Il colmo dei colmi, però, è riservato dalla penna benpensante al pubblico di chi è disposto a bersi le sue verità al sapore di zolfo nell'incipit del terzo dei quattro paragrafi: "Allora perché quell'idolatria del 27, quei gesti in onore di chi è stato condannato e ha fatto condannare? Può domandarselo un marziano, non uno che viva su questa terra italiana. Qui non ci sono colpevoli, ma perseguitati. Non soltanto Doni. Da Lotta Continua nel 1977 ai pasdaran di Berlusconi nel 2011, generazioni si sono tramandate la parola chiave che apre la porta se non della cella, dell'autoassoluzione: complotto". Accantonando per carità cristiana certi paragoni indecenti, a suscitare sconforto è il ricorso alla mistica dell'eroe perseguitato. Utile al secondo giornale quotidiano più letto d'Italia a raffigurare il calciofilo bergamasco alla stregua di cane pavloviano pronto ad eternare la teoria del riflesso condizionato, come se chi paga il biglietto per entrare allo stadio fosse comandato a bacchetta da una sorta di microchip sotto la volta cranica contenente il curriculum del fantasista-recordman e le sue onoreficenze pubbliche. Ma all'orizzonte si staglia un altro interrogativo inquietante: perché mai il pubblico dell'"Atleti Azzurri d'Italia" dovrebbe essere tenuto alla demolizione preventiva dell'uomo e del professionista Doni?
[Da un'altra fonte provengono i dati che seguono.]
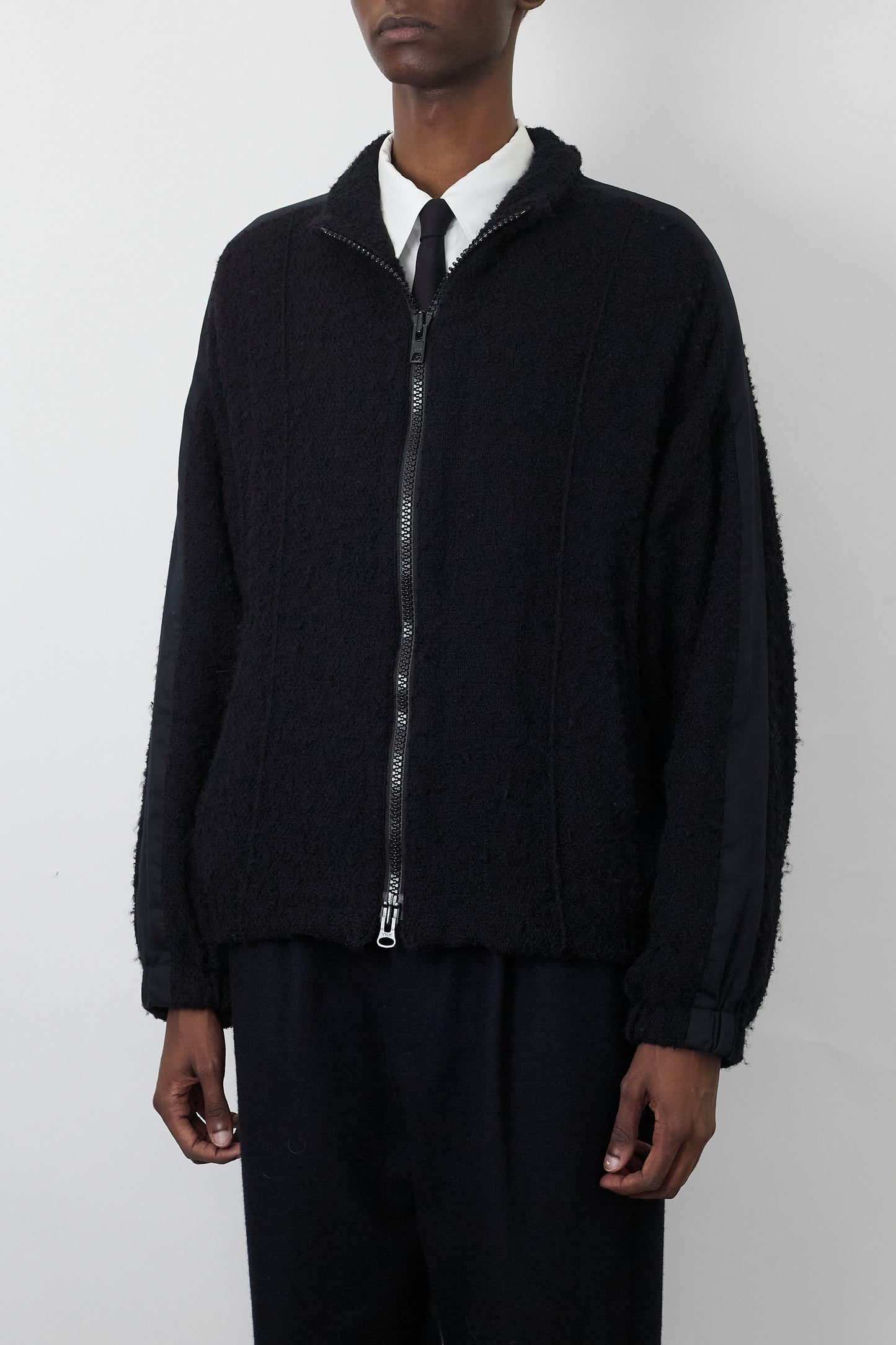 Y'S PINK DESIGNED BLACK WOOL ZIP UP SHORT JACKET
Ci si aspettava, forse, che due organismi della burocrazia pallonara, certamente non spacciabile per un corpo dello Stato qual è la magistratura ordinaria, fossero in grado di assumere decisioni rispettabili per partito preso e al di là di ogni ragionevole dubbio? Perché questi ultimi, caro Romagnoli, dovrebbero venire a chi fa di sentenze senza precedenti una sorta di moloch vincolante per i comportamenti di massa. Sarebbe forse ora di scendere dalla torre d'avorio e misurarsi con la realtà: il cittadino, categoria cui afferisce anche il lettore, dispone del libero arbitrio e con esso della capacità di giudicare i fatti, ancor prima che le opinioni. La gente, tirando le somme, si rifiuta di pensare con il cervello di Palazzi o con quello dei giornalisti. Per fortuna.